Arachne-pnr by Cotton Seed (who also uses pseudonyms cseed and mian2zi3) is an open-source FPGA placement and routing tool for Lattice iCE40 FPGAs.  It's a companion to the open-source Project IceStorm by Clifford Wolf and Mathias Lasser, which has reverse-engineered the iCE40 bitstream.


The usual design flow for IceStorm is to synthesize Verilog source code using Clifford Wolf's Yosys to produce a netlist in the form of a Berkeley Logic Interchange Format (BLIF) file.  Arachne-pnr performs physical placement and routing of the BLIF netlist and produces a text file for IceStorm's icepack tool.  Icepack in turn produces a binary bitstream that can be downloaded to an iCE40 FPGA or SPI Flash memory using IceStorm's iceprog tool.  Here's a typical command sequence:


$ yosys -p "synth_ice40 -blif rot.blif" rot.v

$ arachne-pnr -d 1k -p rot.pcf rot.blif -o rot.txt

$ icepack rot.txt rot.bin

$ [sudo] iceprog rot.bin


I'm going to add IceStorm as a synthesis target for my XXICC (21st Century Co-design) project.  Since XXICC already has rudimentary synthesis, I will skip the Yosys step and go directly to arachne-pnr and IceStorm.  This means I need to produce BLIF files from scratch, which isn't described in the arachne-pnr documentation as far as I can tell.  However, BLIF itself is documented and it's fairly easy to figure out how arachne-pnr uses BLIF from arachne-pnr's example files and others produced by Yosys.  This 'blog documents my experience so others can benefit.  I will be adding to it as I learn more.  This content is licensed under the Creative Commons Attribution-ShareAlike 3.0 Unported License so others can share it.

 

Arachne-pnr's source code and documentation are at GitHib: cseed/arachne-pnr

 

Here is my original IceStorm discussion here at element14: Project IceStorm: fully open-source FPGA tools for Lattice iCE40 and my IceStorm notes: John Beetem's IceStorm Notes


IceStorm uses a Lattice iCEstick as a development board.  It's available for US$21 in the USA:Lattice Semiconductor: ICE40HX1K-STICK-EVN iCEstick Evaluation Kit.

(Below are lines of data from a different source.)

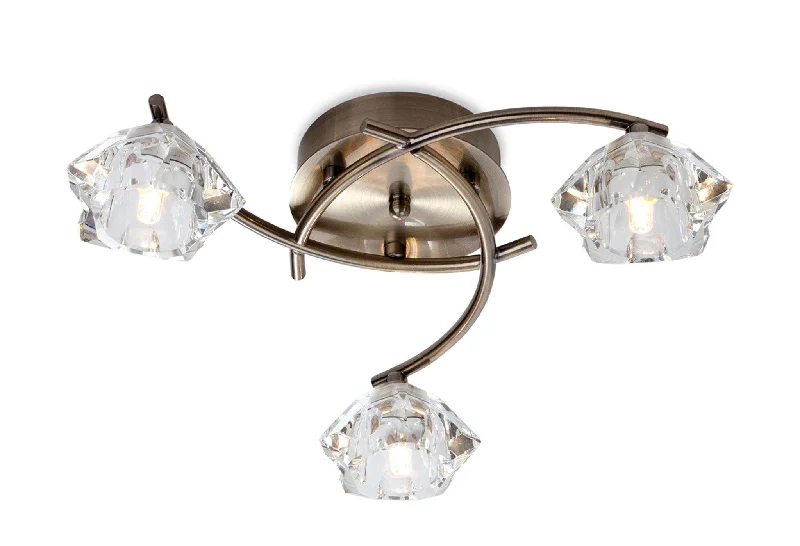 Track lighting with a sleek profileClara 3 Light Flush Fitting Antique Brass with Clear Glass Track lighting with a sleek profileClara 3 Light Flush Fitting Antique Brass with Clear Glass
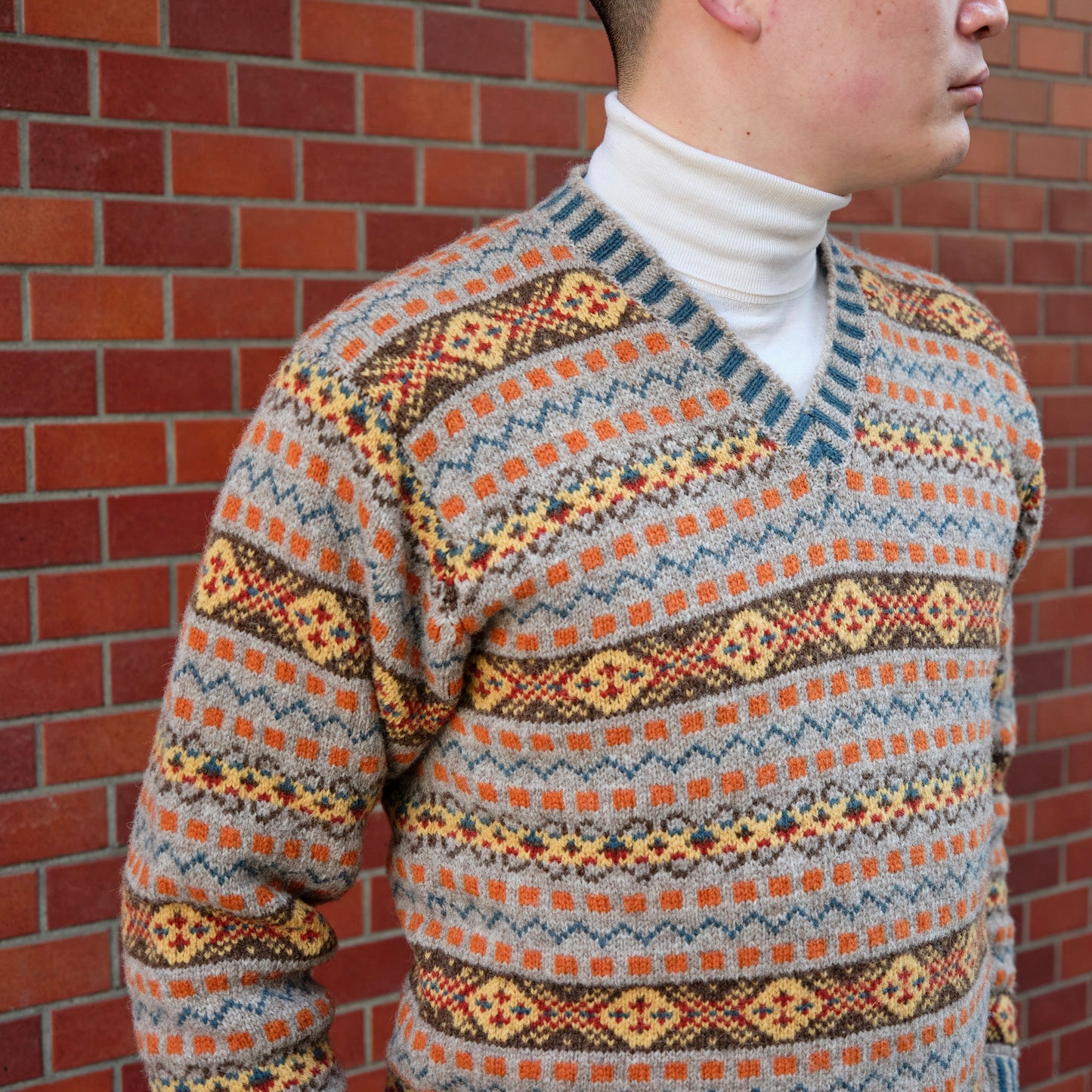 V-NECK FAIR ISLE SWEATER YOUNG PRINCE OF WALES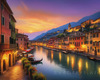 Twilight over Italian River Town with Lanterns and Fall Colors Art Print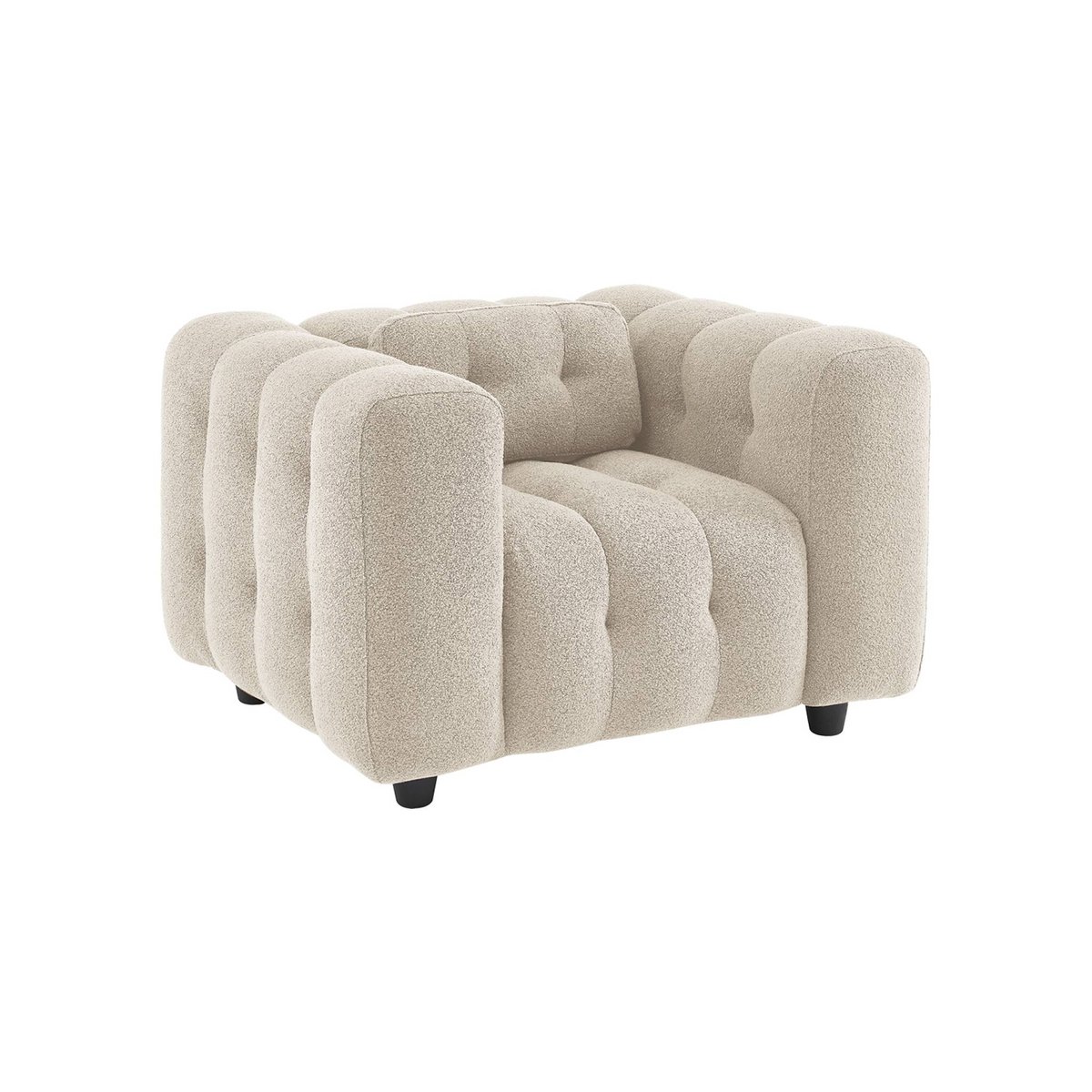 Fauteuil capitonné tissu bouclette texturée LEON beige, SWEEEK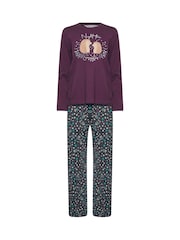 M&Co 100% Cotton Woodland Long Sleeve Wide Leg Pyjamas Set - صورة 5 من 5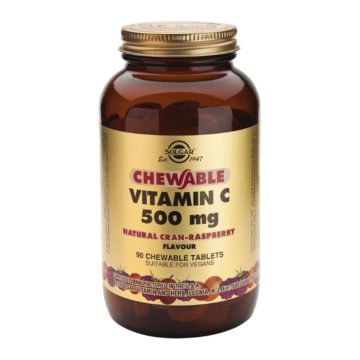 Solgar Vitamin C žvečljive tablete brusnica in malina, 90 žvečljivih tablet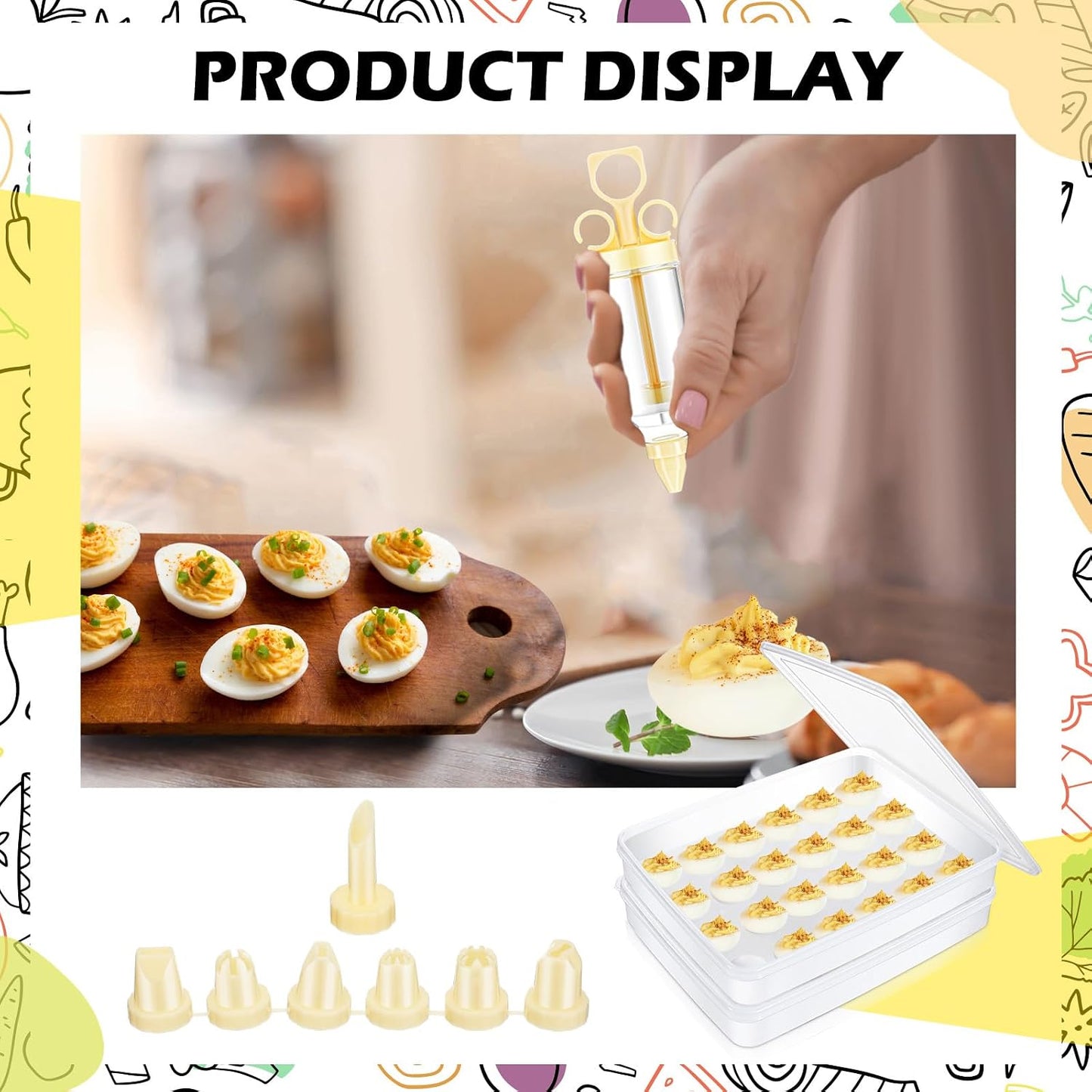 Deviled Egg Carrier with Syringe Stackable Stackable Clear Holder with Lid for Refrigerator Portable 48 Eggs Dispenser Storage Containers Tray(Without Handle)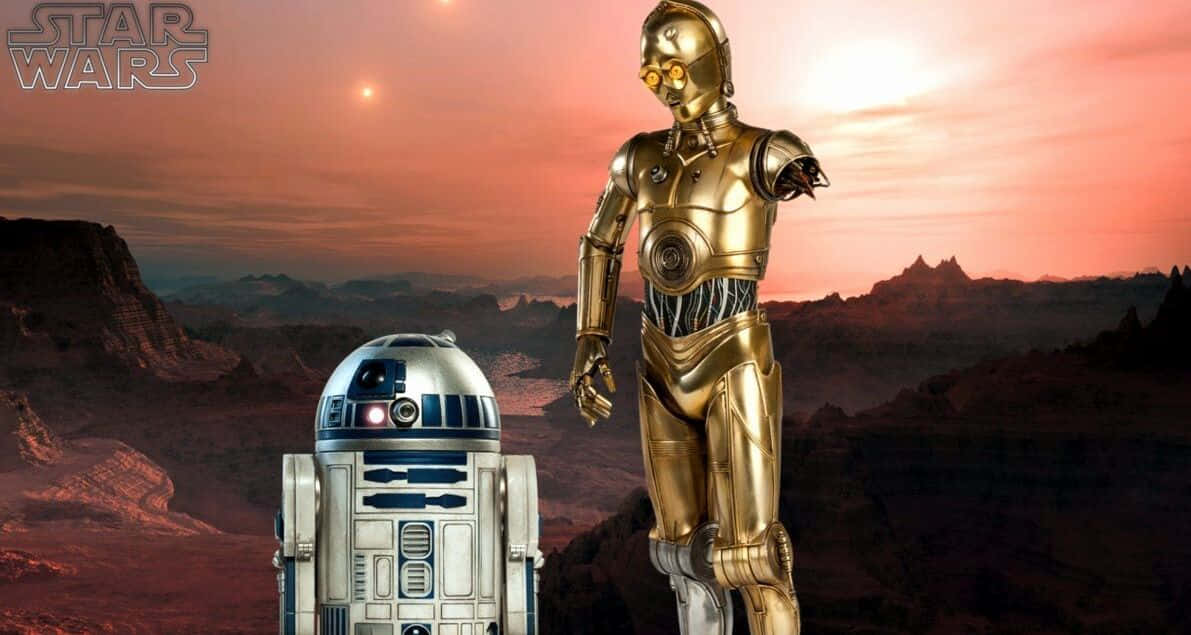 C-3po 桌布 壁紙 — 兩個標誌性的星戰機械人站在沙漠峽谷中，天空燃燒著夕陽。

Here are instructions for installing IceStorm and its companion tools: Projet IceStorm: le FPGA libéré! [the FPGA set free!].  The instructions are a combination of French and GNU/Linux.  The IceStorm steps are out of date, since IceStorm is now at GitHub.  The arachne-pnr steps are accurate:


1.  Install IceStorm first.  Arachne-pnr needs IceStorm's textual chip database files which it converts to a faster binary form as part of the make process.  For IceStorm installation instructions, see John Beetem's IceStorm Notes


2.  You can install arachne-pnr anywhere, but the standard place is in "/opt".  You'll probably need to change permissions on "/opt" so you can write to it.


$ cd /opt/

 

3.  Clone arachne-pnr from GitHub:


$ git clone https://github.com/cseed/arachne-pnr.git

 

4.  Compile arachne-pnr.  It's in C++11, so your GCC will need to support it (GCC 4.8.1 or later).


$ cd arachne-pnr

$ make

$ sudo make install


That's it!  Arachne-pnr is ready to go.  There are sample files in /opt/arachne-pnr/examples/rot and /opt/arachne-pnr/tests.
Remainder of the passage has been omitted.